Грантс работает с паратаксисом как принципом: образы не вытекают друг из друга, а укладываются рядом, как шпалы (“гнилые и здоровые зубы”). Одно из возможных прочтений: остановка времени. Реальность законсервировалась, и стихи это фиксируют.

 

ЗНАМЯ

У “Знамени” на этот раз хороший номер: Михаил Айзенберг, Евгений Бунимович, Юрий Ряшенцев, Михаил Дынкин. Можно было что-то написать о каждом, но Михаил Айзенберг сильно выделяется из ряда — сжатостью, точностью, слухом. Если предлагать интерпретацию, то я сказал бы, что это текст о языке под длящимся политическим давлением. 

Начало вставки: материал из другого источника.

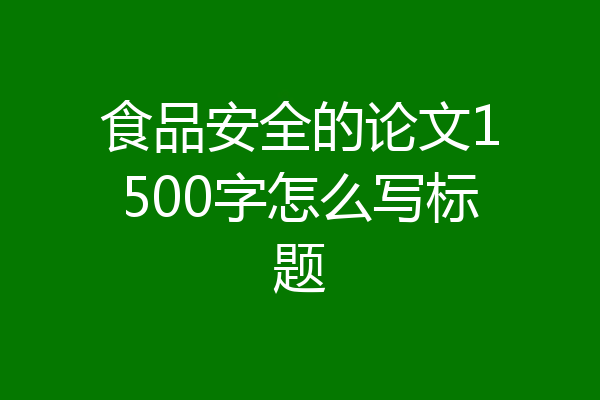 食品安全的论文1500字怎么写标题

Когда война становится нормой, язык, претендующий на прямое называние, автоматически становится языком власти, неважно, подпевает он или обвиняет (инструмент в первом случае, зеркало — во втором). Живая речь выживает в случайных оговорках, “мышиных, кротовьих норках”. 

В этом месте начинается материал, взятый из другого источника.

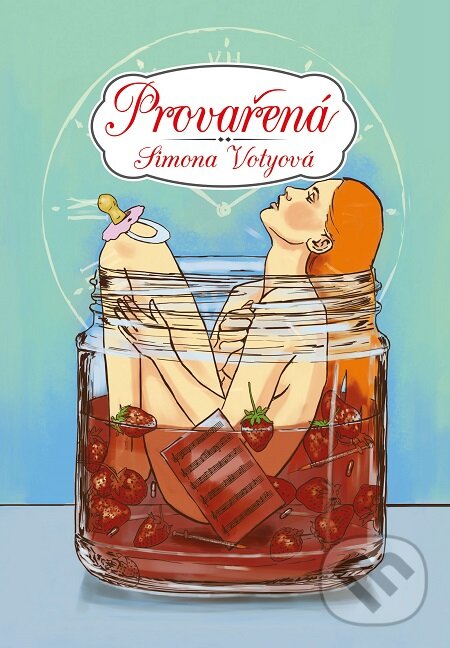 E-kniha: Provařená (Simona Votyová). Bourdon, 2017 E-kniha: Provařená (Simona Votyová). Bourdon, 2017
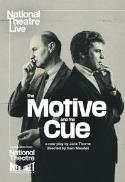 National Theatre Live: The Motive and the Cue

Эти норки, зазоры, трещины, “лес на станции Лось” образуют своего рода топологию — пространство, которое не является ни публичным, ни приватным, но существует как их постоянно смещающаяся граница. 

* * *

Ночь за окном, зима.
Если и есть просвет,
то за чертой ума.
Умникам веры нет.

Бедного слова ради
где-то в точке разрыва
не человек, не рыба —
чёрточка водной глади.

Медленна старость.
Лишнего не беру.
Всё, что осталось,
крикну в озоновую дыру.

Выбор не всем обещан
с будущим заодно
новое ждать окно,
выросшее из трещин.

Впрочем, человек, избегающий прямой речи, скрывающий лицо за “сложной гримасой”, постепенно мутирует — кафкианский сюжет, и в этом смысле можно вспомнить “становление-животным” (devenir-animal) у Делёза как форму уклонения от государственной субъективации. Человек, от которого государство требует определённой морфологии поведения, ускользает через нечеловеческое.

* * *

Только книги малым тиражом,
остальное выше этажом.
Только новый штраф и новый вирус,
больше ничего не появилось.

Остальное вслух не называя,
с прежним разойдётся образцом
сложная гримаса лицевая.
И куда теперь с таким лицом?

Сотни незаметных превращений
даром не проходят, и живи,
обнаружив жаберные щели
и наросты рыбьей чешуи.

Обзор я обычно заканчиваю чем-то вроде грузинского тоста. Но после стихов Айзенберга это как-то неловко, поэтому буду краток. Не теряйте надежды, и мы встретимся снова.